The sampling strategy is based on two different approaches. (1) The first strategy is keeping BELUGA at a constant altitude for a time period of typically 10–15 min. In this case, the data provide a statistical basis for turbulent flux estimates or to characterize the time evolution of the radiative cloud properties. (2) A continuous ascent or descent through the ABL yields a vertical profile to study the vertical distribution of ABL parameters.

Measurements close to the surface are used for a comparison to the 10 m high meteorological mast. Figure 3 shows an exemplary height record for one complete flight, which includes all elements of the measurement strategy. After an hour-long measurement period near the surface, a continuous ascent is performed. This provides an overview of the boundary layer using the online measurements of the meteorology instrument package and is the basis for the measurements of the second part of the flight: levels for continuous measurements at fixed altitudes were defined around the temperature inversion and inside the cloud layer.
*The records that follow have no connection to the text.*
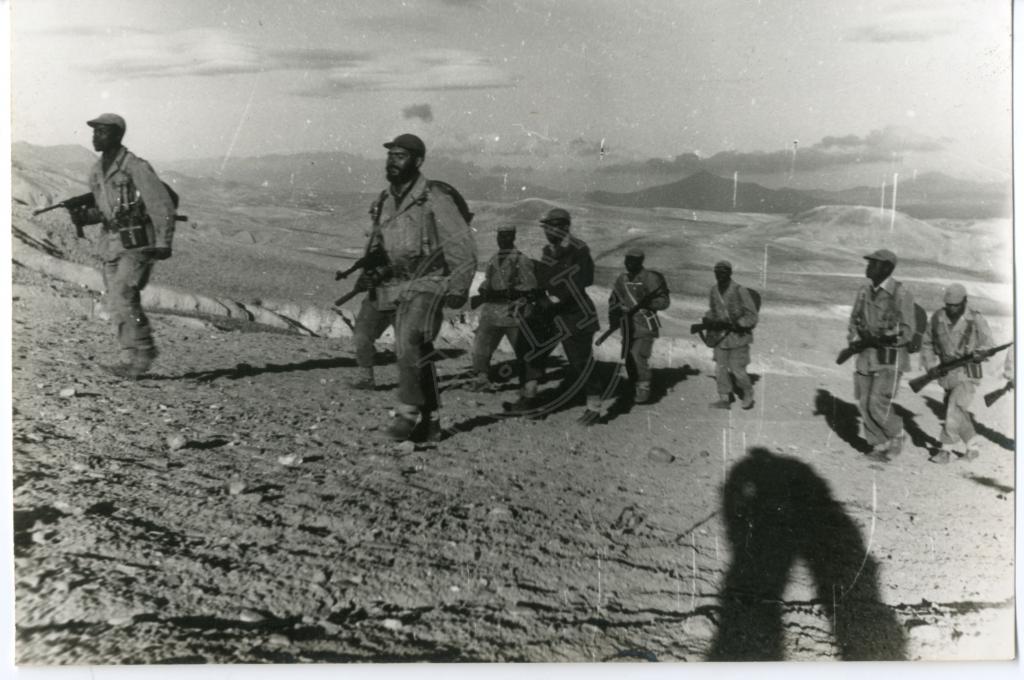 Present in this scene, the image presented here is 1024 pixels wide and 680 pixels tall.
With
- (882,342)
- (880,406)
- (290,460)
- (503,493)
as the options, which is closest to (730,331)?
(882,342)

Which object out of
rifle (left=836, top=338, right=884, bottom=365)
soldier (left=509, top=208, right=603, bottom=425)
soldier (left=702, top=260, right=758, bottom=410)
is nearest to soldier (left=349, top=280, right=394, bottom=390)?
soldier (left=509, top=208, right=603, bottom=425)

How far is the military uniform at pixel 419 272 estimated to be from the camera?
4.41m

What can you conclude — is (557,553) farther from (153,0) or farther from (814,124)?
(153,0)

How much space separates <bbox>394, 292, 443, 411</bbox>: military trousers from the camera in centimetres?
440

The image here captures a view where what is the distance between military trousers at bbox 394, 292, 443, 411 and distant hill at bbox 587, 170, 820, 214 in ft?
3.90

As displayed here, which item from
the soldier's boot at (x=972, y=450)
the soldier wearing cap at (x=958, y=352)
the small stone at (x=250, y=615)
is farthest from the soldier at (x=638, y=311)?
the small stone at (x=250, y=615)

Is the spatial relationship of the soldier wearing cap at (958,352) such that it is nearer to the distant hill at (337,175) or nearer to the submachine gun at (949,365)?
the submachine gun at (949,365)

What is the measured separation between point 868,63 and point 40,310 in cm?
484

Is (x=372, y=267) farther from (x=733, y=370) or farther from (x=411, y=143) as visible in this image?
(x=733, y=370)

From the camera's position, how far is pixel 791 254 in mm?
4828

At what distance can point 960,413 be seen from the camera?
4680mm

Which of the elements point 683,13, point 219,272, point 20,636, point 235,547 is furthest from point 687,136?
point 20,636

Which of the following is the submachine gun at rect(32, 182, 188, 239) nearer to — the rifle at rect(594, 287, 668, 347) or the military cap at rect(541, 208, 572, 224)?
the military cap at rect(541, 208, 572, 224)

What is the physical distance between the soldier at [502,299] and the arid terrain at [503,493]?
10cm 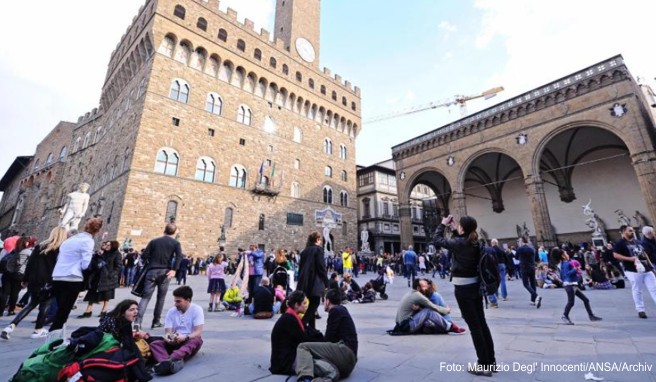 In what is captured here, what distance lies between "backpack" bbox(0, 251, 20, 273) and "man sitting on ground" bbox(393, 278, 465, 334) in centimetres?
684

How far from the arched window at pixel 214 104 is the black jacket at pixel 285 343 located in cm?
2087

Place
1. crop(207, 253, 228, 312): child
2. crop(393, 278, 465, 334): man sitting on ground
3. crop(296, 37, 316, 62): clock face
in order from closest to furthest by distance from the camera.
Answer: crop(393, 278, 465, 334): man sitting on ground < crop(207, 253, 228, 312): child < crop(296, 37, 316, 62): clock face

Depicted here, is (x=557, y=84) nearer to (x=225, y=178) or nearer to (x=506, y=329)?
(x=506, y=329)

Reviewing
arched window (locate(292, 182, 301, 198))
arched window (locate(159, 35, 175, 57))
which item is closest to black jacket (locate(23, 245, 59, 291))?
arched window (locate(159, 35, 175, 57))

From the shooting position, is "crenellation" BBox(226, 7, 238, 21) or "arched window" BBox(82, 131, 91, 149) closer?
"crenellation" BBox(226, 7, 238, 21)

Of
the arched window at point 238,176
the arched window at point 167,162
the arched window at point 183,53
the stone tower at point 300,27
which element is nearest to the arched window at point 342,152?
the stone tower at point 300,27

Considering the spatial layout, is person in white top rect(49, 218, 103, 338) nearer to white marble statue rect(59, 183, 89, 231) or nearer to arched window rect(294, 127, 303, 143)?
white marble statue rect(59, 183, 89, 231)

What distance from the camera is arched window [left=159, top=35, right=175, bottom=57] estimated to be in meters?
19.0

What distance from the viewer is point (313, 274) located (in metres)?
4.20

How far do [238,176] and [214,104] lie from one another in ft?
18.2

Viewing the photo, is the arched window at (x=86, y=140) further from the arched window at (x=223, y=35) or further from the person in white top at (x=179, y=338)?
the person in white top at (x=179, y=338)

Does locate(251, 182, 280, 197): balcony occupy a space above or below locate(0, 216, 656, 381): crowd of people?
above

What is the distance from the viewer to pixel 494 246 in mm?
7496

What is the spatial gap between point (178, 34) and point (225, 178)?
33.5 ft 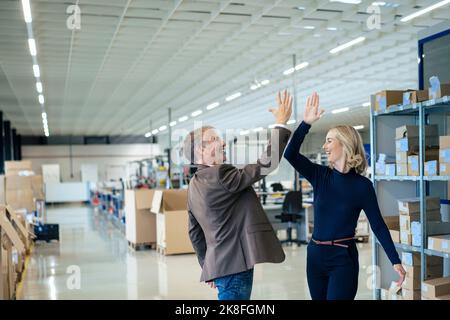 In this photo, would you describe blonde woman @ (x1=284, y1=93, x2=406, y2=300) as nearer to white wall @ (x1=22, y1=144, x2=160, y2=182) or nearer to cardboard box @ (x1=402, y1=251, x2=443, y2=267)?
cardboard box @ (x1=402, y1=251, x2=443, y2=267)

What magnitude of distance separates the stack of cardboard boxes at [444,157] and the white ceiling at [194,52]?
3843 millimetres

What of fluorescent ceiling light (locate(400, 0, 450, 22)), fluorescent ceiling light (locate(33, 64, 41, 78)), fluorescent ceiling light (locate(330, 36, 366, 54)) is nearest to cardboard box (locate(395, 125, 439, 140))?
fluorescent ceiling light (locate(400, 0, 450, 22))

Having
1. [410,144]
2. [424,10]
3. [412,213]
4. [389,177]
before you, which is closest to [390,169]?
[389,177]

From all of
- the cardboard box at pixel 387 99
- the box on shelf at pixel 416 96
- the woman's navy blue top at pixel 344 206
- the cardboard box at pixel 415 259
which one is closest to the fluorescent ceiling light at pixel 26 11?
the cardboard box at pixel 387 99

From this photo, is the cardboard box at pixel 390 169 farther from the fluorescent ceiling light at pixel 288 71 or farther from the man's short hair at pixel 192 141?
the fluorescent ceiling light at pixel 288 71

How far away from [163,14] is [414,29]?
14.1 feet

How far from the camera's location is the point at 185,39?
28.1ft

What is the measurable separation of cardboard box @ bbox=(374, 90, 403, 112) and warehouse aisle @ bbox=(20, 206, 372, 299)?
2195 millimetres

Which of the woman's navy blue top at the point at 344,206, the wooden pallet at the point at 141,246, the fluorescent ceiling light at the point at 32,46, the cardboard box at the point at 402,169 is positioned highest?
the fluorescent ceiling light at the point at 32,46

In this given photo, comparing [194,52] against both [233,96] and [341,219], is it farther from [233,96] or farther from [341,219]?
[341,219]

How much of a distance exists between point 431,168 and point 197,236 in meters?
2.09

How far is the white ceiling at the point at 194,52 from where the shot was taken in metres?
7.09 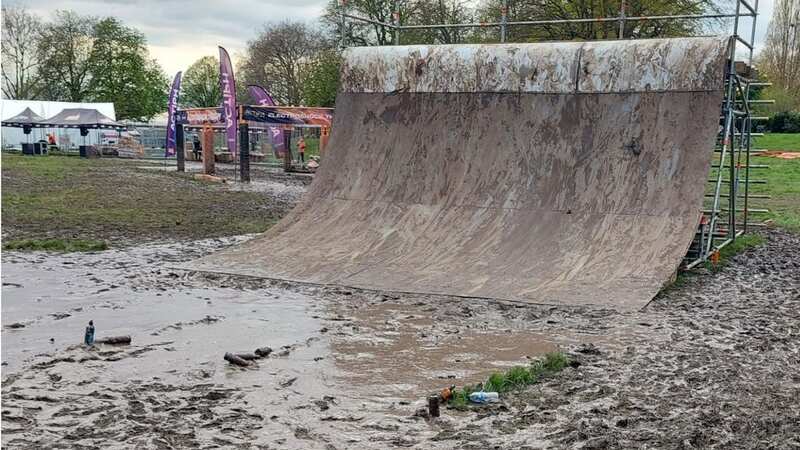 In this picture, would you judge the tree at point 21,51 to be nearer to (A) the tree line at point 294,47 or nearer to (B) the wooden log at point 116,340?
(A) the tree line at point 294,47

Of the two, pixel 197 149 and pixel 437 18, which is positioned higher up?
pixel 437 18

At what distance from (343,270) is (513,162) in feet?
8.48

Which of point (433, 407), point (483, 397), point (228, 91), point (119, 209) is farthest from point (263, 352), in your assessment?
point (228, 91)

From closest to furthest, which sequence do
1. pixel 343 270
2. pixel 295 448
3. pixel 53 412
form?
pixel 295 448
pixel 53 412
pixel 343 270

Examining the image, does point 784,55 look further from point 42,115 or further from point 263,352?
point 263,352

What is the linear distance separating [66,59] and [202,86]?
47.3 ft

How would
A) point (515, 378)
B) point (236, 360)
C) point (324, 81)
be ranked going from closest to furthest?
1. point (515, 378)
2. point (236, 360)
3. point (324, 81)

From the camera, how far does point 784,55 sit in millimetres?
39938

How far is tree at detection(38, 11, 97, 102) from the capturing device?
2048 inches

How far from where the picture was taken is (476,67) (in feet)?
31.5

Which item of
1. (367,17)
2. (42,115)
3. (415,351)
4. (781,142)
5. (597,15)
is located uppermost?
(367,17)

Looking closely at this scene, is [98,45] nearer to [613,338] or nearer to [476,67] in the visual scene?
[476,67]

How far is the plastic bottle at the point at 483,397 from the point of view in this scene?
437cm

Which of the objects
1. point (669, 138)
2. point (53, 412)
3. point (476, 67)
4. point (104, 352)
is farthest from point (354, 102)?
point (53, 412) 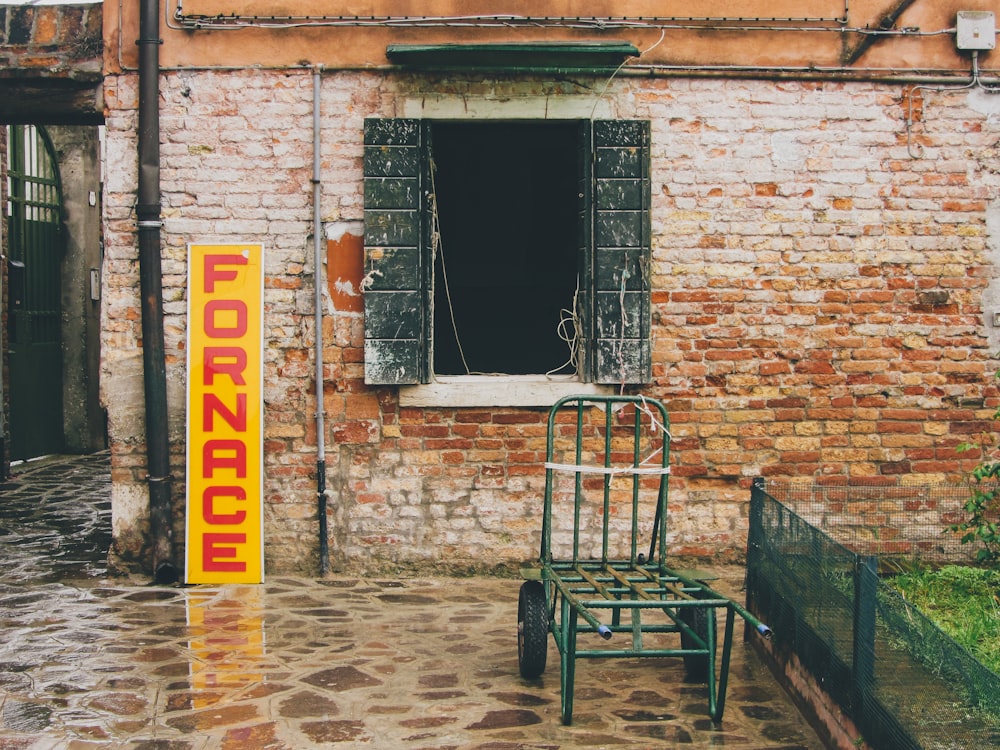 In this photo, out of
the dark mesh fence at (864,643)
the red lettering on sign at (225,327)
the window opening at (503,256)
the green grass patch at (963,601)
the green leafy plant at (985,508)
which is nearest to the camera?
the dark mesh fence at (864,643)

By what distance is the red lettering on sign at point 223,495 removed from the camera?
6477 millimetres

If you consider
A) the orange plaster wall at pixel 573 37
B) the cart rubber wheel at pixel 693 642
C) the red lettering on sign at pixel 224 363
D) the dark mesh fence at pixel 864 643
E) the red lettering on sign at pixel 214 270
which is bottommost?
the cart rubber wheel at pixel 693 642

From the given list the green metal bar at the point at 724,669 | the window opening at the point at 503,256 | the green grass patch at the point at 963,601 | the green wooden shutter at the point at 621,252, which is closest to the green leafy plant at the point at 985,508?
the green grass patch at the point at 963,601

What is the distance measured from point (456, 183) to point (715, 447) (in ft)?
12.9

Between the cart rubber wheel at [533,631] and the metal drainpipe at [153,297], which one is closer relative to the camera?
the cart rubber wheel at [533,631]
Figure 3 Measurement strategy illustrated by the balloon altitude time series of 5 June 2017. The two approaches are (1) constant altitude segments and (2) a continuous vertical profile. The shaded area illustrates the vertical extent of the cloud layer, which is determined from Cloudnet data (Griesche et al., 2019).

3 Instrument packages

3.1 Ultrasonic anemometer package (UP)

The ultrasonic anemometer package (UP, Fig. 1b) includes wind vector u_S and sonic (virtual) temperature T_v measurements with a sampling frequency of f_s=50 Hz, accompanied by a thermometer and a capacitive humidity sensor. Ultrasonic anemometer measurements provide the three-dimensional wind vector and are considered to be unaffected by cloud droplets (Siebert and Teichmann, 2000). To measure the geo-referenced wind vector from a moving platform such as a tethered balloon, the attitude and motion of the instrument have to be measured precisely and the wind vector measured in the sonic frame has to be corrected for this motion (Canut et al., 2016). The attachment point 20 m below the balloon allows for rotation around the tether and pitch alignment. A wind vane ensures that the anemometer turns towards the mean wind direction. The UP is complemented by a power supply based on lithium-polymer batteries with 6.4 Ah at 12.8 V. This allows for an operation of 4 h in Arctic summer conditions. The data acquisition consists of a serial data logger recording on an SD card. With all sensors, data acquisition and surroundings the total mass of the UP adds up to 6 kg.

3.1.1 Wind vector

The wind measurements are performed using a Metek uSonic-3 anemometer, complemented by a GPS-assisted inertial measurement unit (IMU, Table 1) for the attitude and motion correction. A data logger collects the two data streams from the sonic sensor and the IMU via two serial ports. The data streams are synchronized by an analog pulse-per-second (PPS) signal, which is sent from the IMU to the sonic data acquisition. A careful temporal synchronization of sonic and IMU measurements is a basic requirement for a successful transformation of the sonic wind vector. The sonic transducers are heated for anti-icing. The IMU's accuracy for roll and pitch angles is 0.1^∘ for angles not exceeding ±10^∘. The sonic anemometer has a resolution of 1 cm s⁻¹ and 10 mK, respectively. Further instrument characteristics are summarized in Table 1.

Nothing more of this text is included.